Twenty-one years ago, a massive geomagnetic storm slammed into Earth. People saw incredible auroras, but almost nobody captured them on camera. Digital cameras were not widespread, and cell phones did not even have cameras yet.
Fast forward to May 2024, and the story could not be more different.
A Once-in-Two-Decades Solar Storm
On May 10, 2024, the first G5 geomagnetic storm in over two decades hit Earth. It was the largest such storm in 21 years, and NOAA confirmed it as the most extreme geomagnetic storm since 2003. The Sun has been ramping up activity around solar cycle 25, and this event made that ramp-up impossible to ignore.
The aurora display culminated overnight on May 10 through 11. People across the northern hemisphere saw the sky light up in vivid colors. Green was the most common, but observers also reported purple and red hues, with each color influenced by different atmospheric compounds at varying altitudes.
Auroras stretched far beyond their usual range. During the May 10 through 12 event, reports came in from as far south as Texas and Alabama. The VIIRS instrument on the Suomi NPP satellite captured the scale from above at 3:20 a.m. Central Time on May 11, showing a bright white strip of aurora across parts of Montana, Wyoming, the Dakotas, Minnesota, Wisconsin, Iowa, and Michigan.
How Citizen Science Changed the Record
Here is where the 2024 storm truly set itself apart from 2003. The documentation was not left to a handful of researchers. It was crowdsourced, real time, and massive in scale.
NASA's Aurorasaurus project received an unprecedented number of reports from around the world between May 10th and 12th. Photographers and aurora chasers shared ground-based photos with the platform, building a dataset that scientists use to verify, or ground truth, models of where the aurora will be visible from the ground.
Real-Time Alerts Beyond the Models
The Aurorasaurus system does more than collect reports. When people report seeing the aurora beyond where models predict, the system adapts in real time and puts out volunteer-generated alerts in those areas. During the May 10 through 12 extreme event, auroras visible as far south as Texas and Alabama triggered those special alerts.
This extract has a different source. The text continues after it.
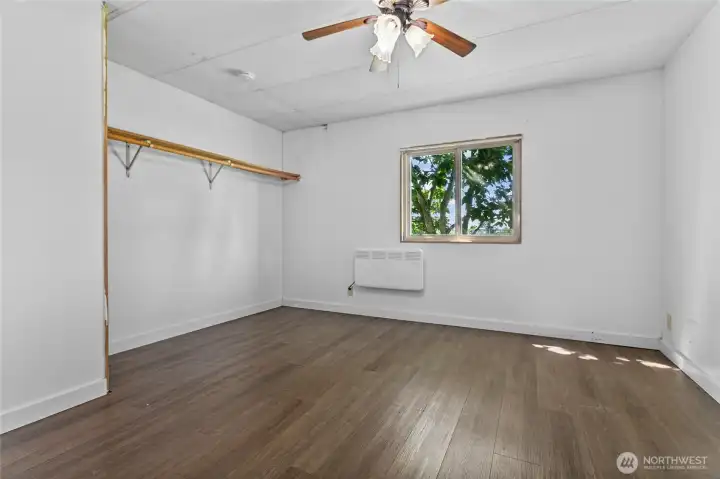 Manufactured home primary bedroom Manufactured home primary bedroom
That feature mattered enormously during this storm. Auroras were showing up at latitudes that most forecasts did not expect, and on-the-ground observers became the early warning system for everyone else. One volunteer, Damon Tighe, said the platform made all the difference: he was able to see the aurora in Oakland, California, and knew it was coming based on user data from Reno.
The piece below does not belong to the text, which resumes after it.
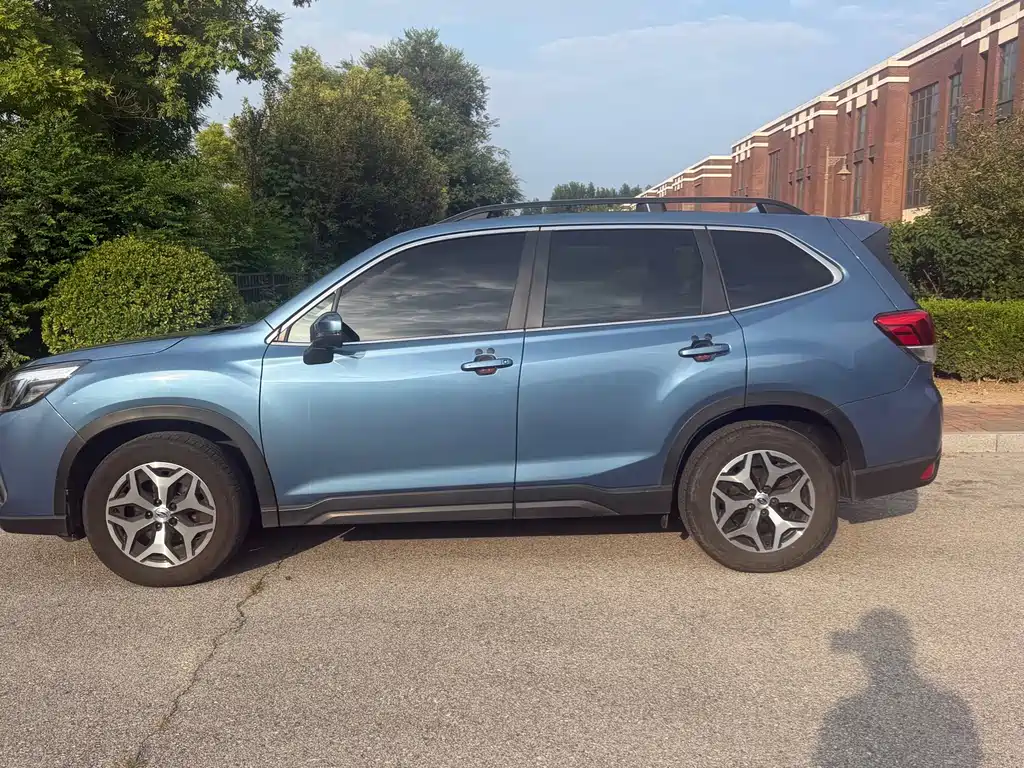 Subaru Forester — фото 14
People pulled out their smartphones, snapped photos, and submitted sightings in a way that was physically impossible in 2003. The result is a dataset that no satellite or professional network could have built alone.
What This Means for Space Weather Going Forward
The storm produced effects spanning from the ground all the way to near-Earth space. Despite its G5 classification, it did not cause any catastrophic damages. The event has been called the best-documented geomagnetic storm in history, and data captured during it will be analyzed for years to come, revealing new lessons about the nature of geomagnetic storms and how best to weather them.
But the bigger takeaway is not about what survived. It is about what we can now observe. Every major solar storm from here on will be documented by a global network of people holding cameras in their pockets. That changes everything for space weather research.
So the next time the Sun throws something extreme at Earth, the question is not whether we will see it. It is whether you will be the one to report it first. Did you catch the May 2024 auroras yourself, or did you miss the show?